What are you supposed to do? Pattern match:

val (left, right) = ... expression that evaluates to a pair ...

Reading comprehension (10%)

These problems will help guide you through the reading. We recommend that you complete them before starting the other problems below. You can download the questions.

  1. Read sections 7.3.2 and 7.4.1, which start on pages page 480 and page 481, respectively.
    We have seen the symbols ρ, τ, and σ before, but not used exactly in this way.

    Here is a list of semantic and type-related concepts you have seen written using single symbols:

    • an expression
    • a name
    • a location
    • a value
    • a type
    • a type scheme (new in this chapter)
    • a mapping from names to locations
    • a mapping from names to values
    • a mapping from names to types
    • a mapping from names to type schemes (new in this chapter)

    There are lots of concepts and only so many symbols to go around. Please identify, from the preceding list, what each symbol stands for in the theory of nano-ML:

    1. ρ

    2. τ

    3. σ

    4. Γ

    And finally,

    1. Say briefly what, in nano-ML, is the difference between τ and σ:

    You are preparing for exercise 19.

  2. Read the first two pages of section 7.4.3, which explain “substitutions” and “instances.”
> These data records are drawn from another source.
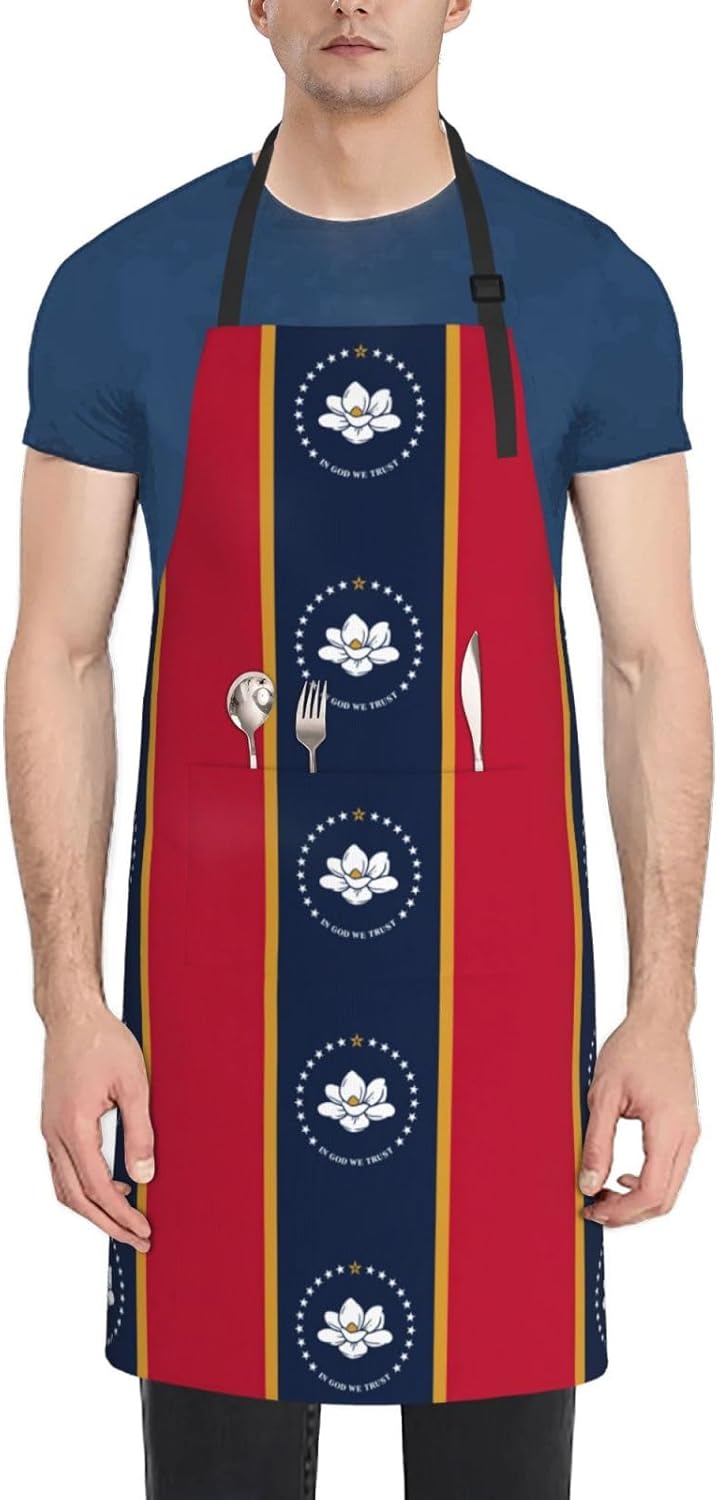 Mississippi State Flag print Waterproof chef's apron with pocket apron for kitchen cooking baking barbecue and gardening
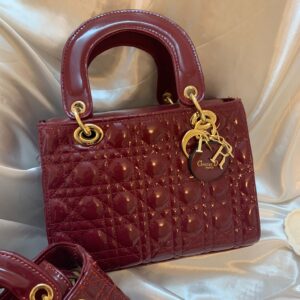 حقيبة ليدي ديور برغندي حجم كبير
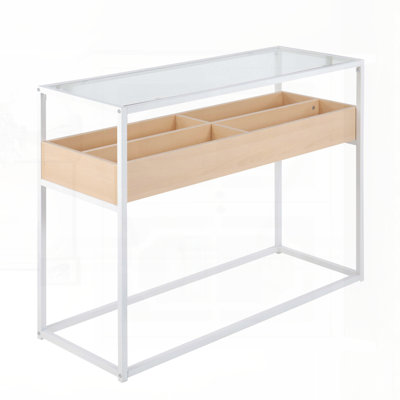 Console contemporaine avec plateau en verre trempé et compartiments de rangement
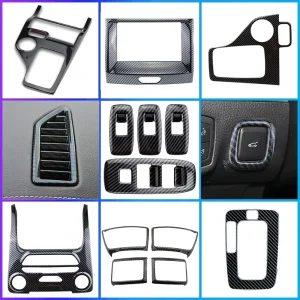 Accessori interni ABS per Ford Everest Ranger 2016 2017 2018 2019 2020 2021 LHD Decorazione auto in fibra di carbonio Adesivi Copertura 1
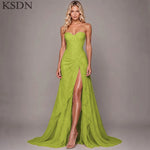 Load image into Gallery viewer, Elegant Women Evening Dresses for Women Luxury Chiffon Chapel Train Gowns Side Slit Sleeveless Wedding Long Dress Vestidos
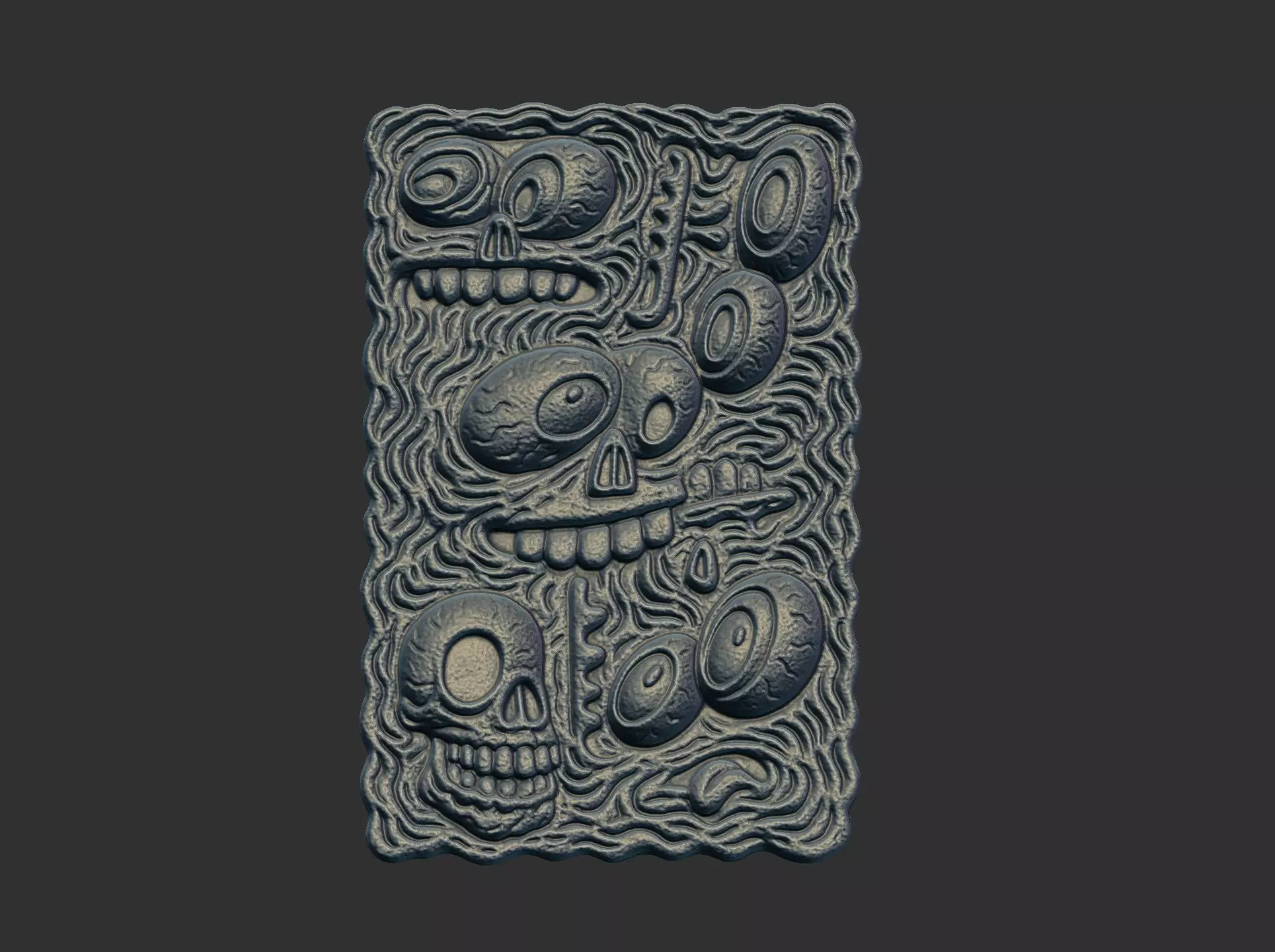 stylized skull cnc model 3D print model_0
    1. Yes or no: does the substitution (α → sym) ∘ (β → bool) ∘ (γ → int) replace type variable α with type sym?

    2. Yes or no: does the substitution (α → sym) ∘ (β → bool) ∘ (γ → int) replace type variable β with type bool?

    3. Yes or no: does the substitution (α → sym) ∘ (β → bool) ∘ (γ → int) leave the type γ list unchanged?

    4. Which of the following are instances of the polymorphic type scheme ∀α . α list → int? For each one, please indicate whether it is an instance of the type scheme (True) or whether it is not an instance of the type scheme (False).

      int list True or False

      int list list True or False

      int list list → int True or False

      int * int list → list True or False

    You have a foundation on which to get ready for exercises 18 and S.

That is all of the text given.